Due recenti sentenze, della Corte Suprema degli USA, hanno toccato nodi classici del rapporto fra politica e religione: la sentenza sulle scuole a carattere religioso e la sentenza sull’aborto. Mi occuperò della prima, giacché ha avuto minor risonanza. Ma converrà cominciare con alcune considerazioni, di tipo generale, su tale Corte.
Si potrebbe infatti pensare che essa corrisponda in grande misura alla Corte Costituzionale, del nostro paese; ma ci si sbaglierebbe. In primo luogo, la Corte Suprema è nella Costituzione degli Stati Uniti indicata soltanto come il vertice, del potere giudiziario: la competenza cioè -evidentemente, ulteriore- di valutare cosa risulta conforme o no alla Costituzione, se l’è attribuita da sé durante i più di due secoli trascorsi dal varo di tale Costituzione. In Italia invece è la Costituzione che dà vita, ad una Corte Costituzionale con una competenza del genere.
In secondo luogo, si diventa giudice della Corte Suprema per nomina da parte del Presidente degli USA, confermata dal Senato. È sufficiente quindi che il Senato abbia, anche a maggioranza di un solo voto, lo stesso colore politico del Presidente, perché di “checks and balances” si avverta una notevole scarsità. In Italia, invece, la Corte Costituzionale è designata per una terza parte da un organo di garanzia, quale il Presidente della Repubblica; è designata per un’altra terza parte, dal parlamento nel suo complesso (con voto di almeno 3/5 dei componenti); è designata per la terza parte residua, dalle magistrature ordinaria ed amministrativa.
Infine, mentre per la Corte Costituzionale la carica dura 9 anni, per la Corte Suprema è a vita: un suo giudice -dice una vecchia battuta- mai si dimette e raramente muore! Più precisamente, secondo la Costituzione degli USA i giudici conserveranno la carica “finché manterranno buona condotta”; nulla però precisa, su tale requisito (e chissà se pensano di averlo rispettato quei giudici i quali hanno votato a favore della recente sentenza sull’aborto, dopo aver dichiarato un orientamento opposto nelle audizioni in Senato che hanno portato a confermarli).
Ma veniamo a ciò che la Corte Suprema -la quale, peraltro, si è caratterizzata nella storia degli Stati Uniti anche per sentenze di taglio diverso rispetto a questa, sull’aborto- ha deciso in materia di scuola. Ha ritenuto incostituzionale una normativa dello Stato del Maine con cui, per i distretti scolastici che non offrano possibilità di frequentare scuole secondarie pubbliche, si dispongono finanziamenti alle scuole private che vengano, di conseguenza, frequentate. Finanziamenti dai quali sono però escluse, le scuole a carattere religioso.

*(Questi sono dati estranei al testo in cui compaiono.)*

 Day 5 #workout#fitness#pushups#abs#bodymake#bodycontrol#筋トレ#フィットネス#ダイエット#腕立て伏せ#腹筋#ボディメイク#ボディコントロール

Sul sito del quotidiano “Avvenire”, leggiamo che secondo la Corte una normativa del genere “viola il diritto allo studio”. In realtà, la Corte non è su questa critica che si basa (sarebbe, d’altronde, una base fragile: non mi risulta che si possa parlare per gli USA di un diritto allo studio, così come se ne può parlare per l’Italia). Si basa piuttosto sull’argomento, che negli USA uno Stato ha libertà di scegliere se finanziare o no scuole private; ma che una volta fatta la scelta dei finanziamenti, viene ad una discriminazione se ne esclude le sole scuole a carattere religioso.
Devo dire che non mi pare, un ragionamento clericale. La situazione cui si riferisce corrisponde a quella che, se consideriamo l’Italia e spostiamo il discorso dalla scuola all’università, avremmo con finanziamenti pubblici previsti per la LUISS cioè l’università della Confindustria, ma non per l’università Cattolica. In effetti se ciò cui il Maine mira è non favorire un insegnamento, di tipo dogmatico, il dogmatismo potrà sì sul piano religioso essere favorito dal riferimento, ad enti soprannaturali; ma esiste anche su altri piani.
Ad esempio accade in economia di imbattersi in dogmatismi di tipo collettivista, di tipo liberista…. Resta sempre attuale, per un discorso sul dogmatismo, l’opera di John Stuart Mill, “La libertà”; che ho sottomano nel testo delle edizioni Piero Gobetti, del 1925. L’autore vi viene indicato, come Giovanni Stuart Mill: non manca infatti, un dogmatismo di tipo nazionalista.